Neo Solar Power Corporation
- Type: Public (TWSE: 3576)
- Industry: Solar Photovoltaics, Photovoltaics, Optoelectronics
- Founded: 2005
- Headquarters: Hsinchu, Taiwan
- Key people: Dr. Quincy Lin ( Honorary Chairman & CSO) Dr. Sam Hong (Chairman & CEO) Andy Shen (President)
- Products: Solar Cell & Module &Solar System
- Revenue: US$ 420 million (2012)
- Number of employees: ~2,400 (2013)
- Website: www.nsp.com

= Neo Solar Power =

Taiwan-based solar manufacturer

Neo Solar Power Energy Corp. (traditional Chinese: 新日光能源), also known as NSP, is a Taiwan-based solar cell and module manufacturer.
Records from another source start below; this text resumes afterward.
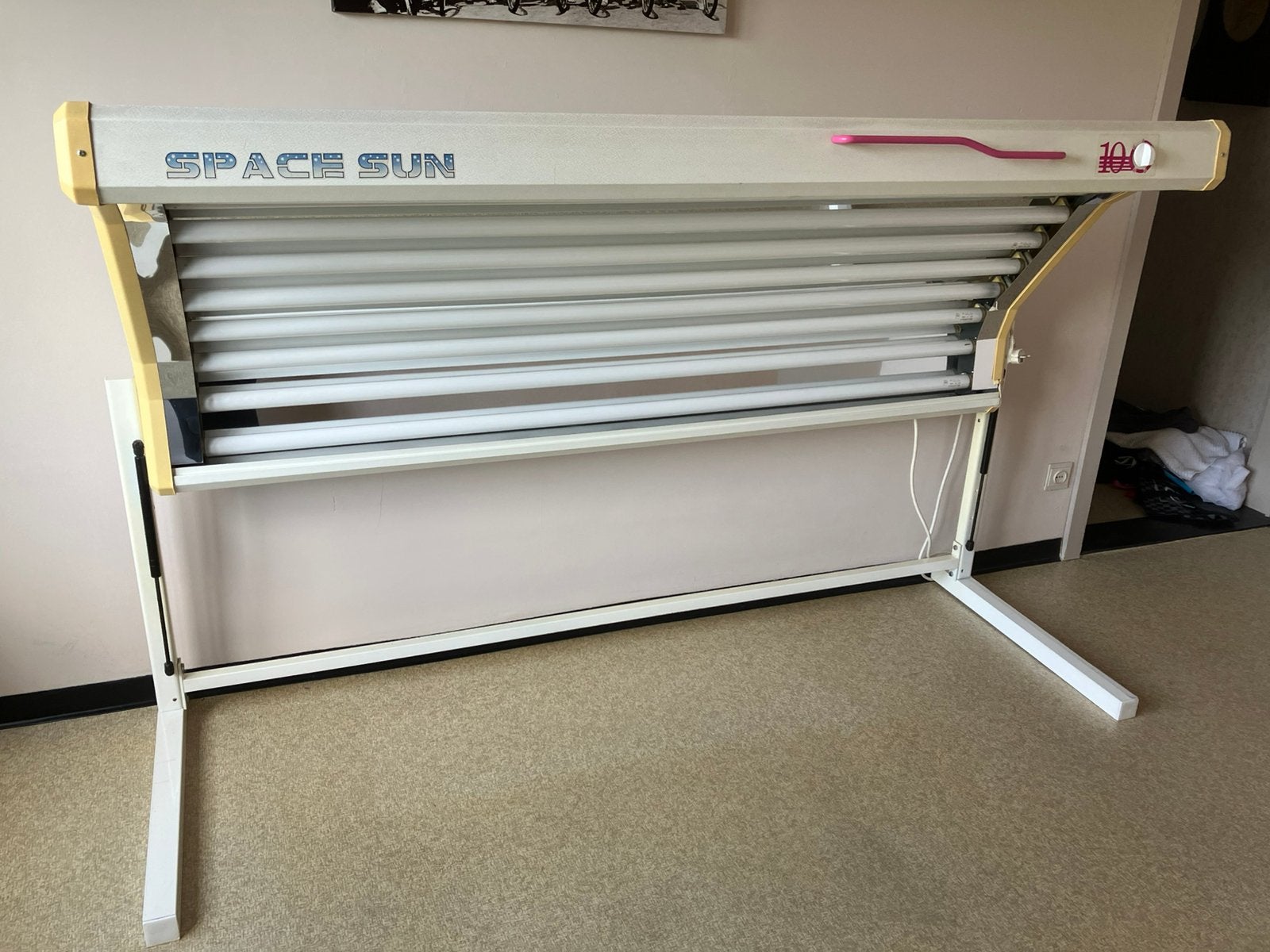 Gratis zonnehemel, Elektronische apparatuur, Zonnebanken en Gezichtsbruiners, Ophalen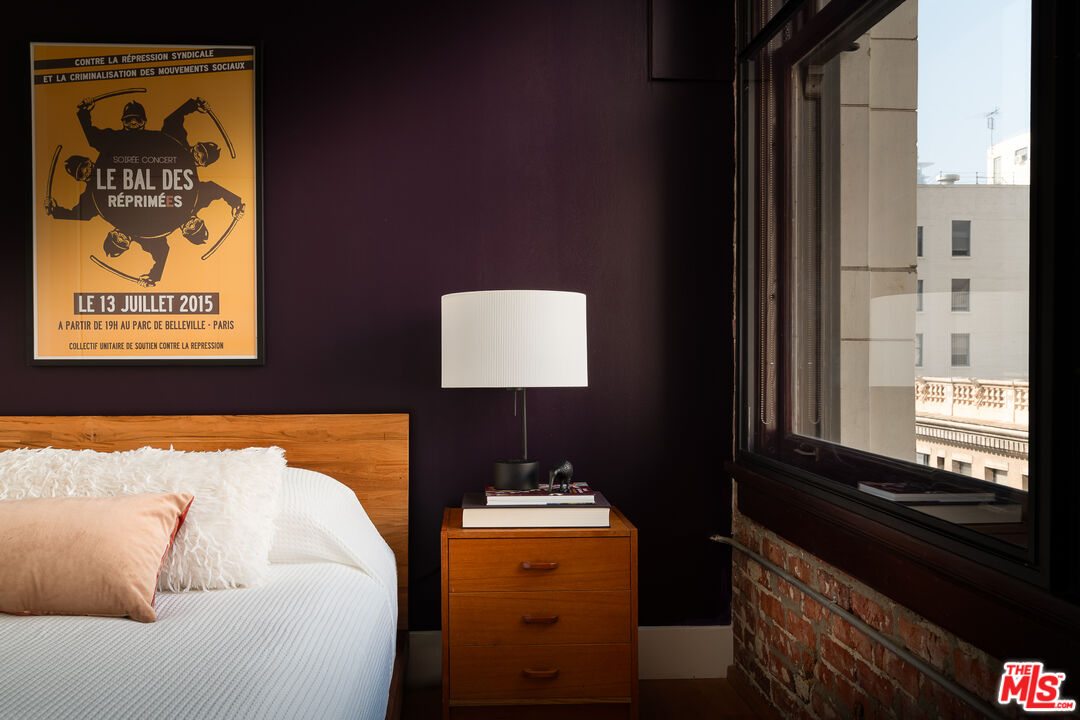 460 S Spring St Unit: 1015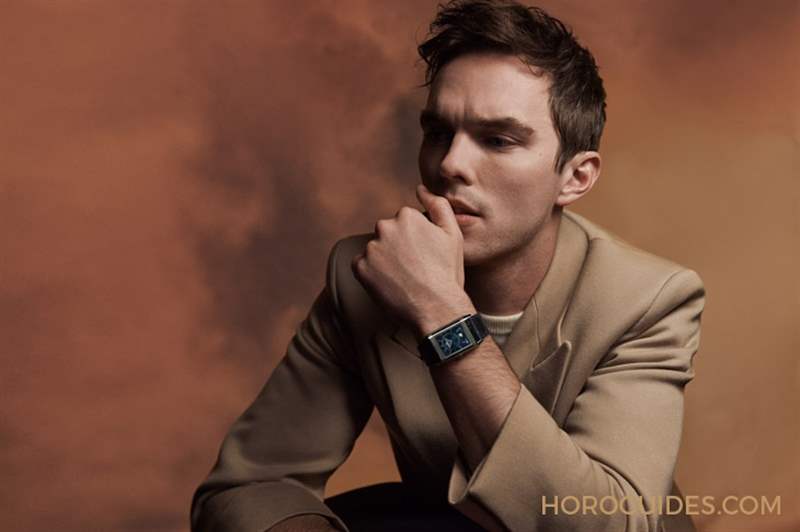 Reverso Tribute Duoface Calendar 翻轉(zhuǎn)系列雙時區(qū)日歷腕表-復(fù)刻表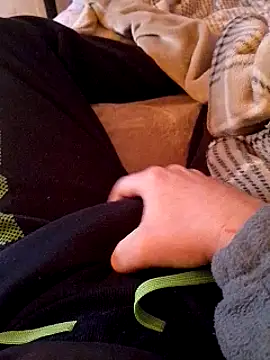 Snapshot of MaxiFabry chatting on 02/13/25, 08:45 MaxiFabry online show from 02/13/25, 08:45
The company was ranked one of the global top ten solar cell manufacturers by capacity in 2013 and the largest solar cell producer by revenue in Taiwan. Neo Solar Power has merged into United Renewable Energy Co., Ltd. (3576.TW).

==History and company developments==
Founded in 2005, Neo Solar Power is a crystalline silicon solar cell manufacturer that is publicly listed on the Taiwan Stock Exchange. The company was ranked No. 6 in the 2009 Deloitte Technology Fast 500 Asia Pacific Ranking and CEO Survey.
In August 2011, Dr. Sam Hong, CEO of Neo Solar Power Corp., has been elected the Chairman of the Taiwan Photovoltaic Industry Association (TPVIA).

On May 31, 2013, Neo Solar Power merged Delsolar and has become the largest solar cell producer in Taiwan by capacity.

On October 17, 2017, it was reported that NSP signed a letter of intent to merge with solar cell producers Gintech Energy Corp (昱晶能源) and Solartech Energy Corp (昇陽光電) in order to improve global competitiveness. The merger is to be executed via share swaps in the third quarter of 2018, creating a new company called United Renewable Energy Corporation (聯合再生能源股份有限公司). The company would be the second-largest solar company in the world in terms of installed capacity.